После соблюдения мусульманского протокола старейшина депутатского корпуса объявил: «Я открываю Великое национальное собрание, заявляя всему миру, что работа, необходимая для полной независимости, внутренней и внешней, начинается здесь…» Открытие было коротким, Кемаль произнес несколько слов, чтобы напомнить, что Национальное собрание состоит из депутатов османского парламента, которые смогли покинуть Стамбул, и депутатов, избранных[37] во время оккупации столицы; он добавил также, что новое собрание является легальным, и его поддержали аплодисментами.
На следующий день Национальное собрание приступило к серьезной работе. С программным докладом выступил Кемаль. Паша говорил властным, несколько хрипловатым голосом, речь его, сочетающая народный турецкий язык с более рафинированным языком османской элиты, была конкретной, лишенной каких-либо эффектов риторики. Эта трибуна Национального собрания скоро станет символом физического и духовного присутствия Кемаля в центре своей страны. И днем и ночью при свете керосиновых ламп он возвышался на трибуне, «волевой подбородок и высокий лоб», энергичный, амбициозный, резкий, осторожный, непобедимый, рассказчик, волшебник, говоривший часто часами, что заставило одного депутата заявить: «Заставьте его замолчать, или он в конце концов убедит меня». Длительность его выступлений, впрочем, казалась одним из элементов, определяющим его успех, если верить другому депутату, который, беседуя однажды с послом Франции в Анкаре графом Шамбреном, сравнил ораторское искусство во Франции и Турции: «Ваши блестящие ораторы в Бурбонском дворце выступают не более одного-двух часов, тогда как наш гази может говорить четыре дня подряд. Вот это оратор!»

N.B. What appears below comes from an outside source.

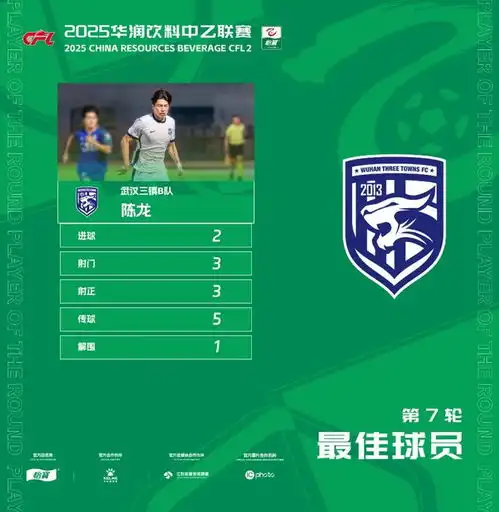 2025华润饮料中乙联赛第7轮最佳球员陈龙武汉三镇b队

В эту субботу Кемаль, несмотря на усталость, говорил в течение четырех часов, проанализировав события, происшедшие с момента перемирия, и изложив свои действия — от декларации Амасьи до созыва Национального собрания в Анкаре. Речь-марафон, похожая на рапорт Генерального штаба, излучающая силу эгоизма оратора и украшенная несколькими правоверными и лояльными фразами, которые ввели бы в заблуждение любого скептика: «Национальное собрание спасет падишаха, халифа и Османское государство, продемонстрировав всему миру, что османская династия всё еще жива… С нами Аллах!» Можно ли удивляться, что речь Кемаля вызовет аплодисменты и крики «Да будет так!»?
Ненасытный Кемаль продолжил при закрытых дверях. На этот раз он не стал тратить время на сообщение всем известных фактов и ограничился перечислением основных принципов своего действия: «Наша задача — добиться освобождения народа внутри национальных границ. Мы не хотели пантуранистской политики, чтобы не столкнуться с внешними трудностями. Мы не защищали и панисламизм, пугающий иностранцев. Но нам необходима моральная и материальная поддержка мусульман. Впрочем, нас поддерживают исламские государства. У большевиков свои идеи. Я не знаю их точно. Мы считаем, что справедливо использовать любую поддержку при условии невмешательства в наши дела. <…> Так как Стамбул оккупирован англичанами, установление контактов с падишахом ничего не дает».